• Given records

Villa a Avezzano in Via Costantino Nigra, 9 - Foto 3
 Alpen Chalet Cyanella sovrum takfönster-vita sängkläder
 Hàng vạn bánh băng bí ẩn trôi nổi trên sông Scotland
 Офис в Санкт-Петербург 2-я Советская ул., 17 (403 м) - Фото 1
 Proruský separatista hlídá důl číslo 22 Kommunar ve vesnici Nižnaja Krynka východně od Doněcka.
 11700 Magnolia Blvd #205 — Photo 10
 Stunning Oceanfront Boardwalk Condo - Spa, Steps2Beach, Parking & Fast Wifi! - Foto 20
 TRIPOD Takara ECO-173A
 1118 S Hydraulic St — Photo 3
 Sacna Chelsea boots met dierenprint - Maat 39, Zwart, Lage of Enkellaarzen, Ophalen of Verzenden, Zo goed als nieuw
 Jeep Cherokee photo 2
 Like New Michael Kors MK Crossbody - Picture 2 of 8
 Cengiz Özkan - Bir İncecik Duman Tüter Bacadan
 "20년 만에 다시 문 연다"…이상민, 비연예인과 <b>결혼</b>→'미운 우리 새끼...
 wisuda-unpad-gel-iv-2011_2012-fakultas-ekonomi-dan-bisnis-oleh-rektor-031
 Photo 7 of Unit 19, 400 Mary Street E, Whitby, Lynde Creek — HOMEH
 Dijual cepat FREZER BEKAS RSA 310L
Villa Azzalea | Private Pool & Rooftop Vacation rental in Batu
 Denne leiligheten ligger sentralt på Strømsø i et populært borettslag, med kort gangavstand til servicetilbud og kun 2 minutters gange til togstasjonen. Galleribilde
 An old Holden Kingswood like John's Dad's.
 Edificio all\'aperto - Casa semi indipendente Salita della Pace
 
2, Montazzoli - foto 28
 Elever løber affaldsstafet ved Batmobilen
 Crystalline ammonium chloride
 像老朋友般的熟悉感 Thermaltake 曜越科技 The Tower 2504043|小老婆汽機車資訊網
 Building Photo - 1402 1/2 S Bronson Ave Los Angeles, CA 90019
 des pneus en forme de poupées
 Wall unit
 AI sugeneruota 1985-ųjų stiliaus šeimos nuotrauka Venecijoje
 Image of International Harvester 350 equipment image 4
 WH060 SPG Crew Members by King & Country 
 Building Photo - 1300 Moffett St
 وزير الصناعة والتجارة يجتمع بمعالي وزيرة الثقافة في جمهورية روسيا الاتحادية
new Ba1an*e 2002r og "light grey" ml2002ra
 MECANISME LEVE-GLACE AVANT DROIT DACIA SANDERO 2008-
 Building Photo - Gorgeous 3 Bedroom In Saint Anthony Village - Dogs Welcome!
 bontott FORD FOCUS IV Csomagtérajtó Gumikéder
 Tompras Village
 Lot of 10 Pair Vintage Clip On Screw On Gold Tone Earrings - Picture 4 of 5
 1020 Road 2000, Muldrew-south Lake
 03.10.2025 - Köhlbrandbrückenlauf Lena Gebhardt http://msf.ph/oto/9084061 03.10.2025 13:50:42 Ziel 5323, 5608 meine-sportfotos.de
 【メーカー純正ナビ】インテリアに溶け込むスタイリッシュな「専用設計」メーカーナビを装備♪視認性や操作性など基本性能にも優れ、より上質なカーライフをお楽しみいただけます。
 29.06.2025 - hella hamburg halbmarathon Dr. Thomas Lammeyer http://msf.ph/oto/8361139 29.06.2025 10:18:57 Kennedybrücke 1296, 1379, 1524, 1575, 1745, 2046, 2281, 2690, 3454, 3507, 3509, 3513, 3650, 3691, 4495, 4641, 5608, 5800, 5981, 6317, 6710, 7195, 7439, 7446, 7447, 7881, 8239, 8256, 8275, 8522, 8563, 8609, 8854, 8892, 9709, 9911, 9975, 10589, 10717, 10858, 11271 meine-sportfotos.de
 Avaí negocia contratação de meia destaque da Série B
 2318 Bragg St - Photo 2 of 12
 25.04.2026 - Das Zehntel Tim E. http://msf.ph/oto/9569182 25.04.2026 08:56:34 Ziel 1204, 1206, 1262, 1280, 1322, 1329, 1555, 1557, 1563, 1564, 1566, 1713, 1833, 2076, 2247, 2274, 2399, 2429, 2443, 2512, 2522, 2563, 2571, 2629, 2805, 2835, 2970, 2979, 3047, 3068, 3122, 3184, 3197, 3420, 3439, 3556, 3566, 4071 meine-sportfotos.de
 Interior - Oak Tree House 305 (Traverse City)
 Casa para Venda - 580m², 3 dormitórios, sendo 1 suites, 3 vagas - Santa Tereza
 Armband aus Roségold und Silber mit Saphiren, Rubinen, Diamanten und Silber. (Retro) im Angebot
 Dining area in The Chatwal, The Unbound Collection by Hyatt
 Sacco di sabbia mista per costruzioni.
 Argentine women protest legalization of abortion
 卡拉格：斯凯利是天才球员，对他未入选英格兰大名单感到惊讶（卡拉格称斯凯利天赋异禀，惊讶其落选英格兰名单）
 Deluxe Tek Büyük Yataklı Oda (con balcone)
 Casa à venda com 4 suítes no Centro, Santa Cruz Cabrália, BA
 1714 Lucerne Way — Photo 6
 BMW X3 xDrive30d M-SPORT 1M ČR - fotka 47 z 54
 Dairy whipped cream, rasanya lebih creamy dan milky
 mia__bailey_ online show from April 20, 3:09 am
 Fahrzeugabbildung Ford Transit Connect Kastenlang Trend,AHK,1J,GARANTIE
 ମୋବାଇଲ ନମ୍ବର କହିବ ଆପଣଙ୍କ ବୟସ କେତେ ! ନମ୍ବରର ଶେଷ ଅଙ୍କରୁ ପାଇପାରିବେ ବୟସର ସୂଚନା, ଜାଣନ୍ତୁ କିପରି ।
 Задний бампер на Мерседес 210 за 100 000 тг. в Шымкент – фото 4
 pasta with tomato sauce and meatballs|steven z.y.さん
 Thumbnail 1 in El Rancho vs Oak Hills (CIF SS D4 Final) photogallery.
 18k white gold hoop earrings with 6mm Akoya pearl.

• Problem description
Print out every record again, exactly and in full.

• Task result
Villa a Avezzano in Via Costantino Nigra, 9 - Foto 3
 Alpen Chalet Cyanella sovrum takfönster-vita sängkläder
 Hàng vạn bánh băng bí ẩn trôi nổi trên sông Scotland
 Офис в Санкт-Петербург 2-я Советская ул., 17 (403 м) - Фото 1
 Proruský separatista hlídá důl číslo 22 Kommunar ve vesnici Nižnaja Krynka východně od Doněcka.
 11700 Magnolia Blvd #205 — Photo 10
 Stunning Oceanfront Boardwalk Condo - Spa, Steps2Beach, Parking & Fast Wifi! - Foto 20
 TRIPOD Takara ECO-173A
 1118 S Hydraulic St — Photo 3
 Sacna Chelsea boots met dierenprint - Maat 39, Zwart, Lage of Enkellaarzen, Ophalen of Verzenden, Zo goed als nieuw
 Jeep Cherokee photo 2
 Like New Michael Kors MK Crossbody - Picture 2 of 8
 Cengiz Özkan - Bir İncecik Duman Tüter Bacadan
 "20년 만에 다시 문 연다"…이상민, 비연예인과 <b>결혼</b>→'미운 우리 새끼...
 wisuda-unpad-gel-iv-2011_2012-fakultas-ekonomi-dan-bisnis-oleh-rektor-031
 Photo 7 of Unit 19, 400 Mary Street E, Whitby, Lynde Creek — HOMEH
 Dijual cepat FREZER BEKAS RSA 310L
Villa Azzalea | Private Pool & Rooftop Vacation rental in Batu
 Denne leiligheten ligger sentralt på Strømsø i et populært borettslag, med kort gangavstand til servicetilbud og kun 2 minutters gange til togstasjonen. Galleribilde
 An old Holden Kingswood like John's Dad's.
 Edificio all\'aperto - Casa semi indipendente Salita della Pace
 
2, Montazzoli - foto 28
 Elever løber affaldsstafet ved Batmobilen
 Crystalline ammonium chloride
 像老朋友般的熟悉感 Thermaltake 曜越科技 The Tower 2504043|小老婆汽機車資訊網
 Building Photo - 1402 1/2 S Bronson Ave Los Angeles, CA 90019
 des pneus en forme de poupées
 Wall unit
 AI sugeneruota 1985-ųjų stiliaus šeimos nuotrauka Venecijoje
 Image of International Harvester 350 equipment image 4
 WH060 SPG Crew Members by King & Country 
 Building Photo - 1300 Moffett St
 وزير الصناعة والتجارة يجتمع بمعالي وزيرة الثقافة في جمهورية روسيا الاتحادية
new Ba1an*e 2002r og "light grey" ml2002ra
 MECANISME LEVE-GLACE AVANT DROIT DACIA SANDERO 2008-
 Building Photo - Gorgeous 3 Bedroom In Saint Anthony Village - Dogs Welcome!
 bontott FORD FOCUS IV Csomagtérajtó Gumikéder
 Tompras Village
 Lot of 10 Pair Vintage Clip On Screw On Gold Tone Earrings - Picture 4 of 5
 1020 Road 2000, Muldrew-south Lake
 03.10.2025 - Köhlbrandbrückenlauf Lena Gebhardt http://msf.ph/oto/9084061 03.10.2025 13:50:42 Ziel 5323, 5608 meine-sportfotos.de
 【メーカー純正ナビ】インテリアに溶け込むスタイリッシュな「専用設計」メーカーナビを装備♪視認性や操作性など基本性能にも優れ、より上質なカーライフをお楽しみいただけます。
 29.06.2025 - hella hamburg halbmarathon Dr. Thomas Lammeyer http://msf.ph/oto/8361139 29.06.2025 10:18:57 Kennedybrücke 1296, 1379, 1524, 1575, 1745, 2046, 2281, 2690, 3454, 3507, 3509, 3513, 3650, 3691, 4495, 4641, 5608, 5800, 5981, 6317, 6710, 7195, 7439, 7446, 7447, 7881, 8239, 8256, 8275, 8522, 8563, 8609, 8854, 8892, 9709, 9911, 9975, 10589, 10717, 10858, 11271 meine-sportfotos.de
 Avaí negocia contratação de meia destaque da Série B
 2318 Bragg St - Photo 2 of 12
 25.04.2026 - Das Zehntel Tim E. http://msf.ph/oto/9569182 25.04.2026 08:56:34 Ziel 1204, 1206, 1262, 1280, 1322, 1329, 1555, 1557, 1563, 1564, 1566, 1713, 1833, 2076, 2247, 2274, 2399, 2429, 2443, 2512, 2522, 2563, 2571, 2629, 2805, 2835, 2970, 2979, 3047, 3068, 3122, 3184, 3197, 3420, 3439, 3556, 3566, 4071 meine-sportfotos.de
 Interior - Oak Tree House 305 (Traverse City)
 Casa para Venda - 580m², 3 dormitórios, sendo 1 suites, 3 vagas - Santa Tereza
 Armband aus Roségold und Silber mit Saphiren, Rubinen, Diamanten und Silber. (Retro) im Angebot
 Dining area in The Chatwal, The Unbound Collection by Hyatt
 Sacco di sabbia mista per costruzioni.
 Argentine women protest legalization of abortion
 卡拉格：斯凯利是天才球员，对他未入选英格兰大名单感到惊讶（卡拉格称斯凯利天赋异禀，惊讶其落选英格兰名单）
 Deluxe Tek Büyük Yataklı Oda (con balcone)
 Casa à venda com 4 suítes no Centro, Santa Cruz Cabrália, BA
 1714 Lucerne Way — Photo 6
 BMW X3 xDrive30d M-SPORT 1M ČR - fotka 47 z 54
 Dairy whipped cream, rasanya lebih creamy dan milky
 mia__bailey_ online show from April 20, 3:09 am
 Fahrzeugabbildung Ford Transit Connect Kastenlang Trend,AHK,1J,GARANTIE
 ମୋବାଇଲ ନମ୍ବର କହିବ ଆପଣଙ୍କ ବୟସ କେତେ ! ନମ୍ବରର ଶେଷ ଅଙ୍କରୁ ପାଇପାରିବେ ବୟସର ସୂଚନା, ଜାଣନ୍ତୁ କିପରି ।
 Задний бампер на Мерседес 210 за 100 000 тг. в Шымкент – фото 4
 pasta with tomato sauce and meatballs|steven z.y.さん
 Thumbnail 1 in El Rancho vs Oak Hills (CIF SS D4 Final) photogallery.
 18k white gold hoop earrings with 6mm Akoya pearl.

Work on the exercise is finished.